The next morning, Carlo, Denise and a friend of Carlo’s, Rosario Curcio, saw a lawyer in town. Carlo told the lawyer he wanted to see Denise’s statements. The lawyer asked Denise what she’d told the carabinieri . Denise repeated what she had told Carlo: that she and her mother had come up to Milan to spend a few days with her father and Lea had vanished on their last night. She began crying. The lawyer said he could arrange to have Lea’s disappearance publicised on national television. There was a show, Chi l’ha Visto? ( Have You Seen Them? ), which appealed for information on missing people. ‘Oh, for fuck’s sake!’ cried Carlo. The lawyer didn’t get it at all. Carlo stood up and walked out, leaving Denise crying in the lawyer’s office.

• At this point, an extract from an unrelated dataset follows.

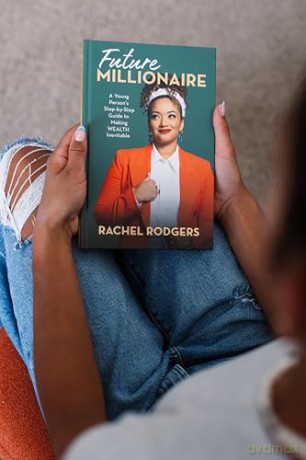 Future Millionaire: A Young Person's Step-by-Step Guide to Making WEALTH Inevitable (Blink) - Rachel Rodgers [KSIĄŻKA]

After Denise recovered, she, Carlo and Rosario drove to a beauty salon owned by Rosario’s girlfriend, Elisa. Carlo took Rosario aside for another quiet talk. Elisa asked Denise what was going on. Denise burst into tears once more and told Elisa that her mother had gone missing two nights before. Elisa said that was strange because Rosario had vanished for a few hours the same evening. They’d had a date, said Elisa, but Rosario had cancelled, then switched off his phone. When she finally got through to him around 9 p.m., he’d told Elisa something about having to fix a car with Carmine. It didn’t make sense. Why the sudden rush to fix a car? Why at night? Denise was about to say something when Carlo interrupted to say he was taking Denise back to Viale Montello. She slept in her cousin’s room for a third night.